The roll to the runway in the pre-dawn darkness can look, at first glance, like a blur of lights and pavement. Comair Flight 5191 would have passed by the west side of Blue Grass Airport heading toward the intersection of Man o' War Boulevard and Versailles Road. At the left turn to go to the runways, the plane still was moving on a faded gray pavement, a contrast to the dark black asphalt of the newly repaved Runway 22. No lights illuminated Runway 26. It looked like a darkened side street compared with Runway 22. But the two runways cross each other. Lights that are spaced evenly along the edges of Runway 22 extend in both directions off Runway 26 like wings. And the end of Runway 26 couldn't be seen from that point -- at least by a small plane. It's unclear how far the Comair 5191 pilots could have seen down that runway. The pilots: What they hear

Pilots and the air traffic controller have several brief exchanges before a plane is cleared for takeoff.

• First, the pilots listen to a string of messages that are recorded by the controller and updated throughout the day. The messages include details such as weather reports, wind speeds, temperatures and visibility.

• The recording also includes airport updates, called "notices to airmen." For instance, on Friday, the notices warned: "Runway 4 approach lighting system out of service ... Runway 4 touchdown lights out of service ... Runway 4 distance remaining signs out of service ... Runway 8-26 closed." Runway 8-26 -- so named because one end faces 8 degrees on the compass and the other end faces 26 degrees -- is the short runway used by Comair 5191. The big runway is 4-22. Pilots should check their compass to confirm they're on the correct runway. Cockpit and tower: What they say

• When the plane is ready to pull away from the gate, the pilot contacts the air traffic controller to advise him of the plane and its destination, as well as that the crew is aware of the updated messages.

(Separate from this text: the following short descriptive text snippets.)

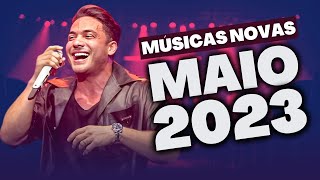 WESLEY SAFADÃO MUSICAS NOVAS MAIO 2023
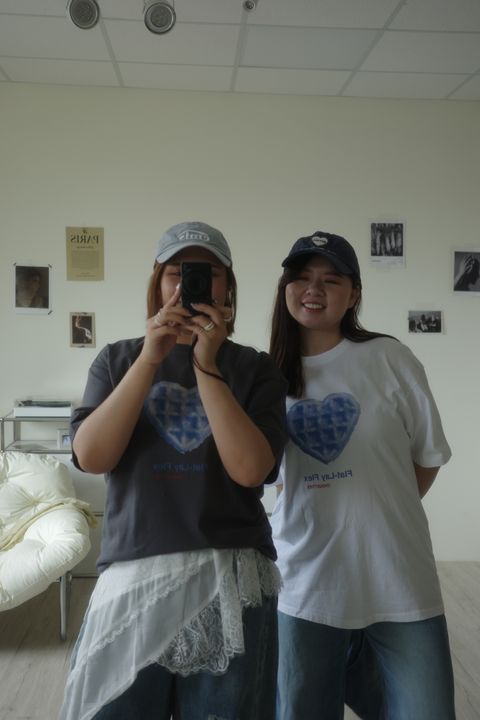 LINE_ALBUM_中毒心T_260511_1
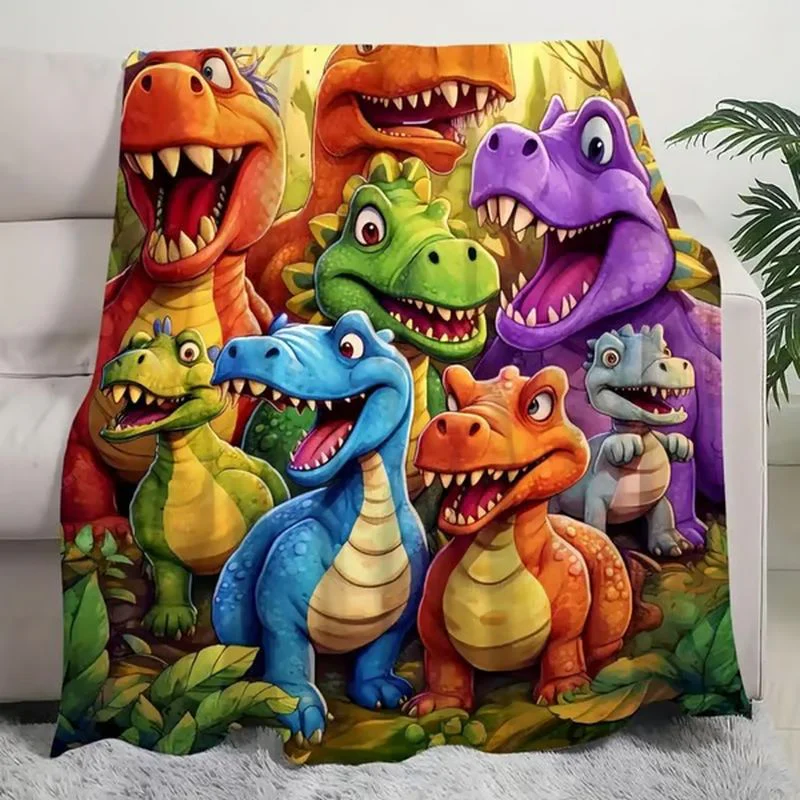 Avelena | SnuggleSaurus – Wärmt Kinder und entfacht sofort ihre Fantasie - Image 2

• The controller acknowledges the aircraft and instructs the pilot where to taxi the plane to its runway.

• The pilot confirms.

• As the plane taxis toward the assigned runway, the pilot requests clearance for takeoff on that runway.

• The air traffic controller, after checking the radar to make sure no other planes are in the way, grants clearance.

At the end of the runway comes a berm a fence and a clump of trees.